Goal: Add two more real RL algorithms to the package by implementing A2C and TD3 end-to-end enough to train, evaluate, checkpoint, and use through the existing public API and registry.

Architecture: Reuse the current family boundaries instead of inventing new ones. A2C should reuse the actor-critic model and rollout buffer path from PPO with a simpler unclipped on-policy update. TD3 should reuse the replay-buffer-based continuous-control path from SAC while introducing deterministic actor updates, target policy smoothing, and delayed actor updates.

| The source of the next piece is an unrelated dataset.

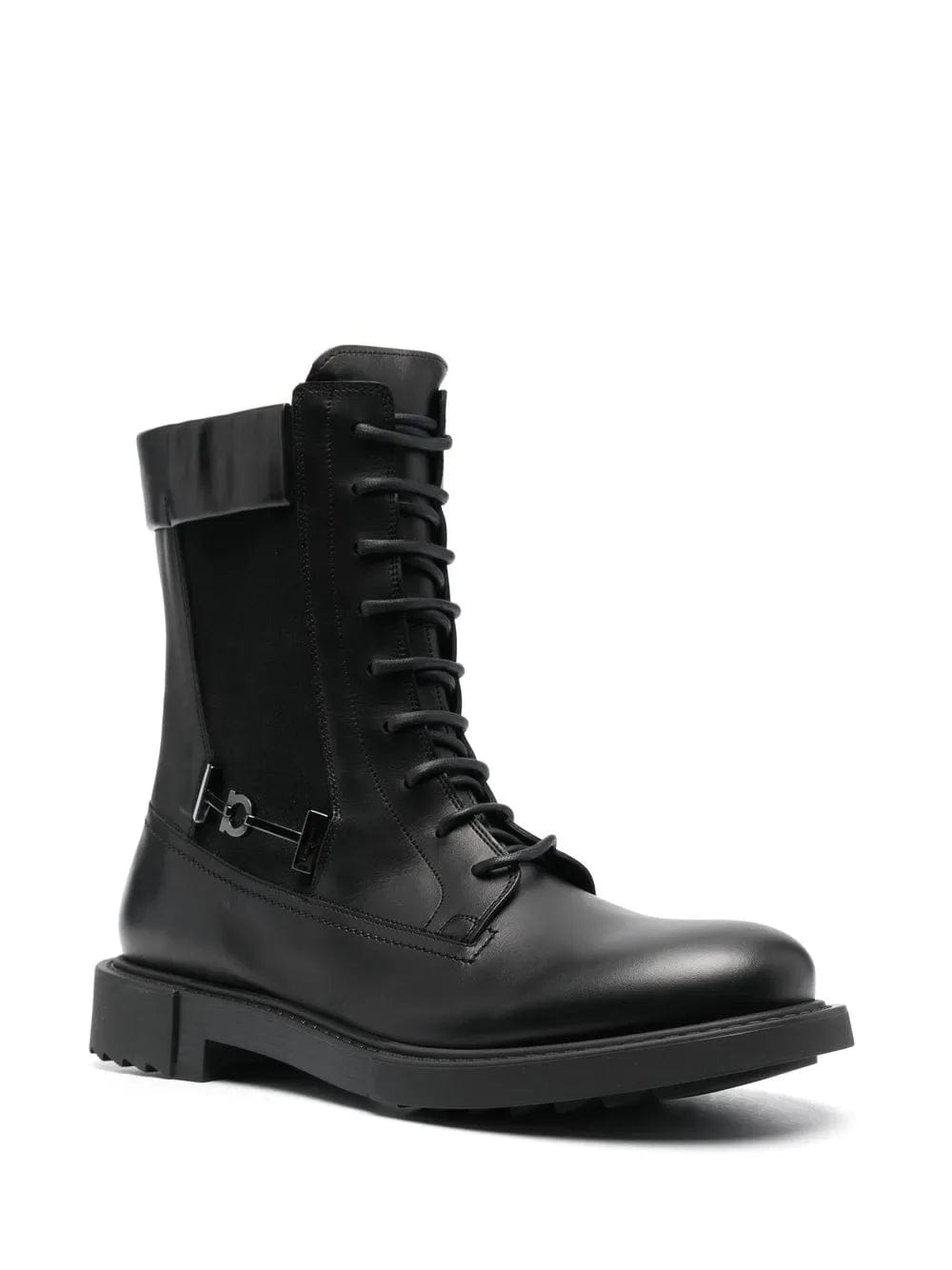 Ferragamo Lace - Up Leather Combat Boots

Tech Stack: Python 3.10+, PyTorch, Gymnasium, NumPy, PyTest


Task 1: Add the A2C algorithm layer and smoke-tested trainer

Files: - Create: src/rl_training/algorithms/a2c.py - Modify: src/rl_training/algorithms/__init__.py - Create: src/rl_training/runtime/a2c_trainer.py - Create: tests/test_a2c_update.py - Create: tests/test_a2c_trainer_smoke.py

Step 1: Write the failing tests

  • verify a2c_loss(...) returns named metrics
  • verify A2C.update(...) returns UpdateResult
  • verify train_a2c(...) writes a checkpoint and returns metrics

Step 2: Run tests to verify they fail

Run: pytest -q tests/test_a2c_update.py tests/test_a2c_trainer_smoke.py Expected: FAIL because A2C modules do not exist

Step 3: Write minimal implementation

  • unclipped actor-critic update
  • rollout-buffer-driven trainer
  • evaluation, checkpointing, and callback support

Step 4: Run tests to verify they pass

Run: pytest -q tests/test_a2c_update.py tests/test_a2c_trainer_smoke.py Expected: PASS

Task 2: Add the TD3 algorithm layer and smoke-tested trainer

Files: - Create: src/rl_training/models/mlp_td3.py - Modify: src/rl_training/models/__init__.py - Create: src/rl_training/algorithms/td3.py - Modify: src/rl_training/algorithms/__init__.py - Create: src/rl_training/runtime/td3_trainer.py - Create: tests/test_td3_update.py - Create: tests/test_td3_trainer_smoke.py

Step 1: Write the failing tests

  • verify deterministic actor output is bounded
  • verify td3_loss(...) returns named metrics
  • verify TD3.update(...) returns UpdateResult
  • verify train_td3(...) writes a checkpoint and returns metrics

Step 2: Run tests to verify they fail

Run: pytest -q tests/test_td3_update.py tests/test_td3_trainer_smoke.py Expected: FAIL because TD3 modules do not exist

Step 3: Write minimal implementation

  • deterministic actor + twin critics
  • target policy smoothing
  • delayed actor updates
  • replay-buffer-driven continuous trainer
  • exploration action noise during data collection via algo_kwargs.exploration_noise (default: 0.0)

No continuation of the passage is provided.